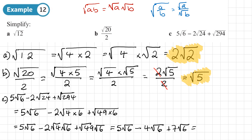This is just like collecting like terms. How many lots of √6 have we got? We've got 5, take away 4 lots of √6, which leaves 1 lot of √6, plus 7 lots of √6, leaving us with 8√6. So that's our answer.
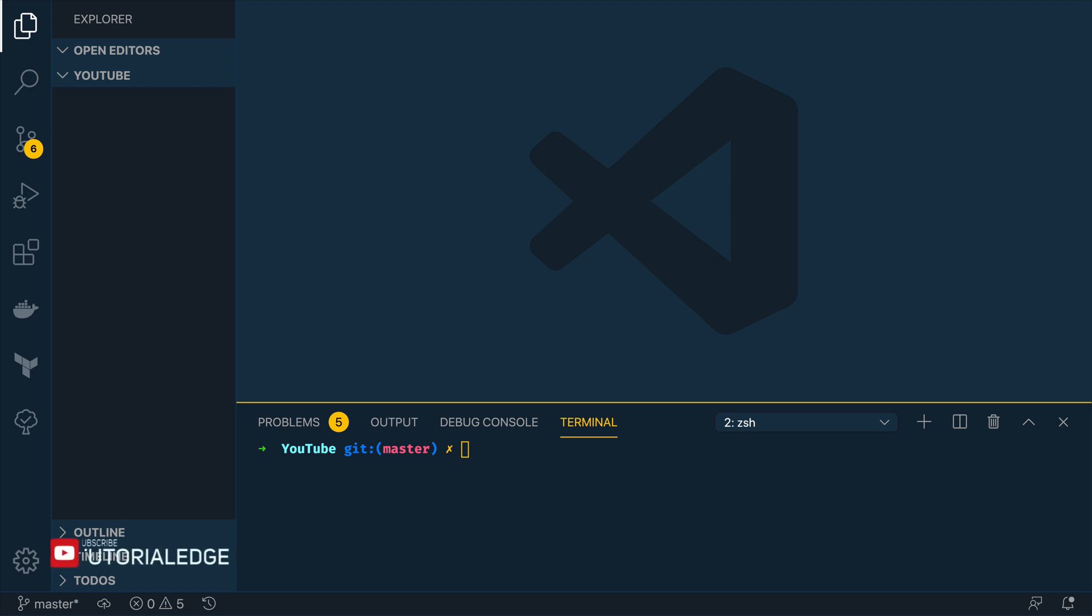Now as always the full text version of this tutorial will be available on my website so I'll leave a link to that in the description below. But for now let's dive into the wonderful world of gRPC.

...

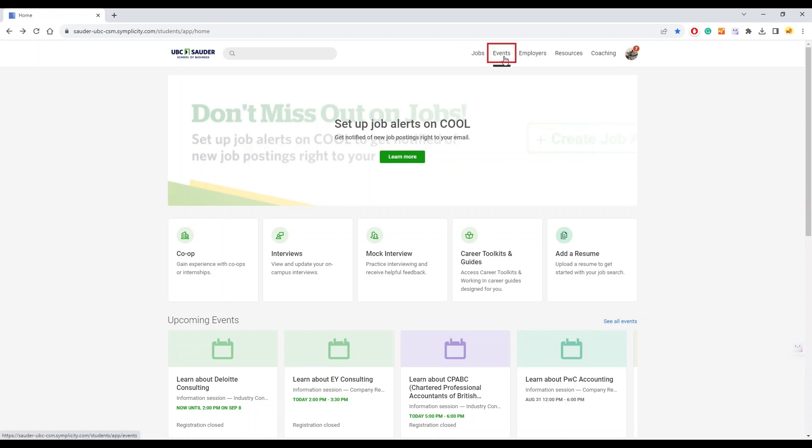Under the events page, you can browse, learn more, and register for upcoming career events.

-- Work task --
With the pictures omitted, restate word for word the lines above from the line that has "This is just" up to and including the line that has "Now as always", and no other lines.

-- Result --
This is just like collecting like terms. How many lots of √6 have we got? We've got 5, take away 4 lots of √6, which leaves 1 lot of √6, plus 7 lots of √6, leaving us with 8√6. So that's our answer.
Now as always the full text version of this tutorial will be available on my website so I'll leave a link to that in the description below. But for now let's dive into the wonderful world of gRPC.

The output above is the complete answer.